ここ数年、日本の大企業においてデザイン思考/デザイン・シンキングが注目されている。このテーマについては一昨年あたりから様々な媒体で議論され尽くされているので、ここでは企業内の実務者の視点で、企業がデザイン思考を採用するに至る背景を論じてみる。

デザイン思考/デザイン・シンキングの詳細な理解はここでは特に重要ではないため、興味のある方は、各種文献やwikipedia
https://ja.wikipedia.org/wiki/%E3%83%87%E3%82%B6%E3%82%A4%E3%83%B3%E6%80%9D%E8%80%83
などを参照していただければと思います。

ビジネスにおけるデザイン思考の普及は、デザインコンサルティングファームのIDEOの貢献が非常に大きく、IDEOのTom Kelleyの著書はビジネスの現場(特に部長職の机の上などで)至るところで目にするところである。
一方で、普及すればするほど説明が簡素化され、断片化され、さまざまな「デザイン思考」の解釈が生まれているのも事実である。
特にマニュアル化が好きな(正確にいうと、効率化の名の下に、業務を人に所属させなくても業務が回るようにしようとする)日本の大企業としては、デザイン思考を誰でもすぐに理解しやすいように、ある特定のプロセスを取り出しフォーマット化してしまい、そのマニュアルを元にした社内研修などでデザイン思考を学んだ社員の間で様々な「デザイン思考」の解釈が生まれる。
その多くはエスノグラフィに力点を置き過ぎていたり、ダーティプロトタイピングの手法だけにフォーカスしていたり、と、様々だが、デザイン思考がそもそも「人間中心」で考えるためのデザインプロセスであるということや、発散・収束を繰り返す中で課題をリフレーミングするという視点が抜け落ちてしまうことも多いように思われる。

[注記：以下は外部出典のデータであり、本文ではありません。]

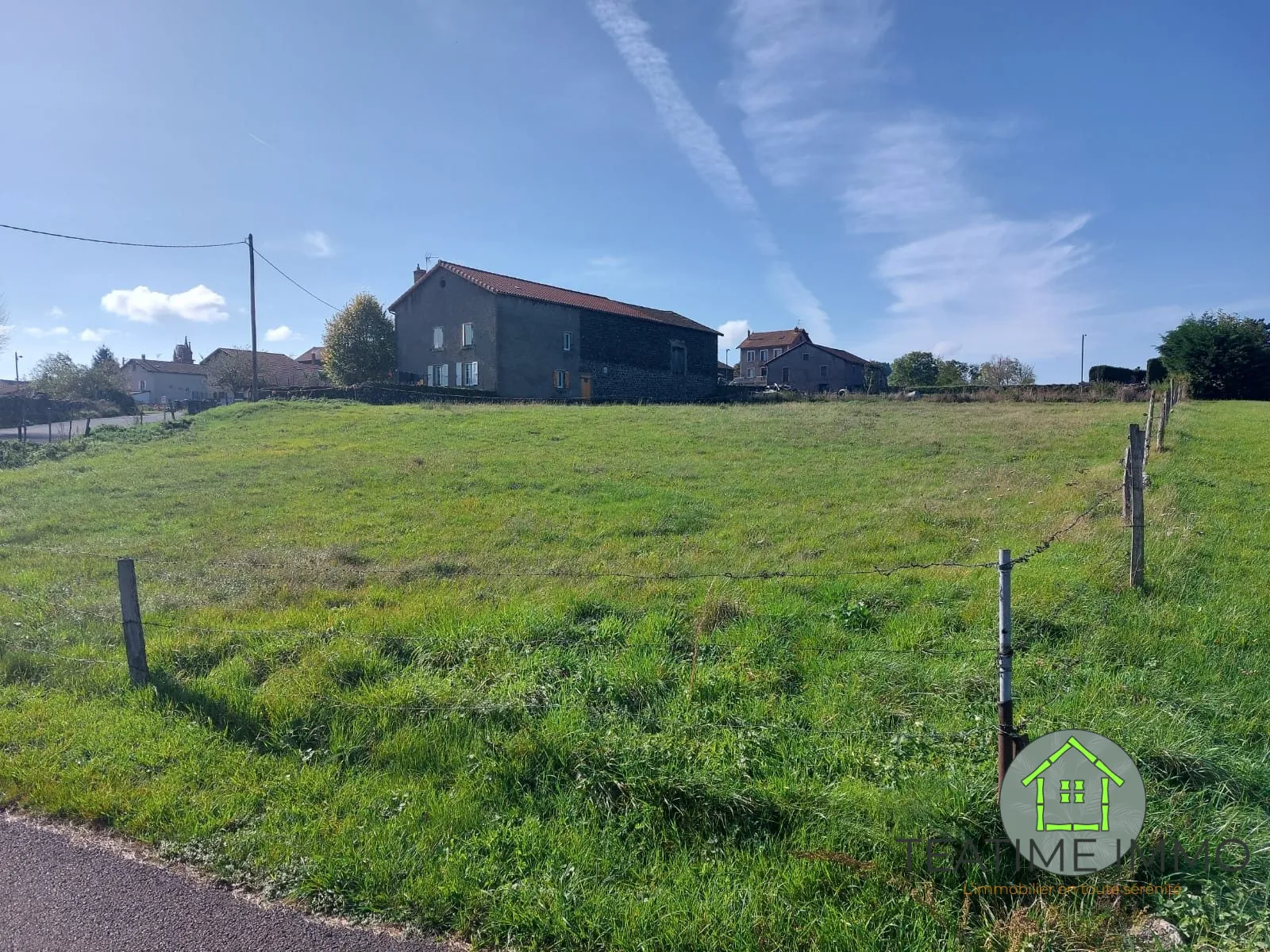 Terrain constructible de 1708 m² au Brignon, Haute-Loire avec vue imprenable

数年前までデザイン思考/デザイン・シンキングという言葉すら知らなかった会社でも、今や新規事業開発を担当する部署では必ず何かしらの形でデザイン・シンキングに触れているのではないかと思う。社内でデザイン・シンキングの推進担当などをやっている方達の中には、上記のような断片化されたデザイン思考の状況を理解している方もいればそうではない方もいるが、そのような誤解を含んだ状況にあってもデザイン・シンキングを社内で推進する意義はあると感じている方は多いのではないだろうか。

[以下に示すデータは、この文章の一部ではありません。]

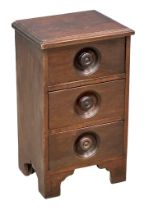 A small late 19th century Victorian mahogany chest of drawers. Circa 1860-1880. 32x25x55cm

それでも僕らが大企業の中でデザイン・シンキングを推進する理由

それでも僕らが大企業の中でデザイン・シンキングを推進する理由、それは社員・社内の活性化に有効だからである。

デザイン・シンキングを推進するにあたり、まずどの企業でも行うことはデザイン・シンキングの「ワークショップ」である。(ワークショップについても言葉の意味合いが変化しすぎてて本来の意味合いとかけ離れているものもあるが、、その議論はここでは割愛)
このワークショップでは、社内の様々な部門から社員が集められ、ユーザー調査やアイディエーション、プロトタイプなどを通して、人間中心のデザインプロセスの一端を学ぶ。
このようなワークショップを経ることで、

  • 「必ず何かしらのアウトプットが出てくる」
  • 「普段ユーザーと関わらない社員がユーザーとはじめて関わるきっかけになる」
  • 「既存事業と切り離した文脈で実施するため社員同士の繋がりが生まれる」
  • 「新しい手法によって何かを達成したという成功体験が得られる」

などのポジティブな要素が多数あるため、会社役員への説明がしやすい。そのため、多くの企業でデザイン・シンキングのワークショップが頻繁に行われる状況がある。

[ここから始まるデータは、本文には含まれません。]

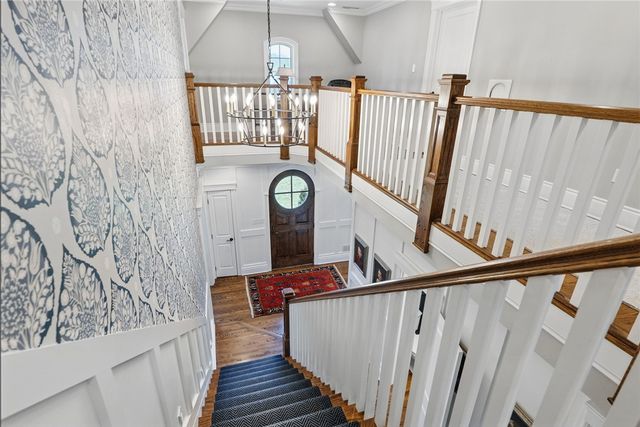 1271 Redfern Dr, Upper St Clair, PA 15241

一方で、こういった取組みの成果を引き継ぐ社内の制度が整っていない企業が多く、デザインプロセスから生まれたものが次のステップに進むケースは稀である。
また、手法の目新しさと達成感ばかりに社員の意識が向いてしまい、肝心のアイデアの革新性やビジネス実現性が低いケースも多い。新しい取り組みに対する企業内の仕組みと社員の意識の両方に課題があり、それらを解決する方法が求められている。

ここでは、大企業におけるデザインシンキングの普及の背景と課題について述べたが、上記に加えて、デザイン・シンキングにはそれ自体が抱える本質的な課題も存在している。それについてはまた別な記事としてまとめようと思います。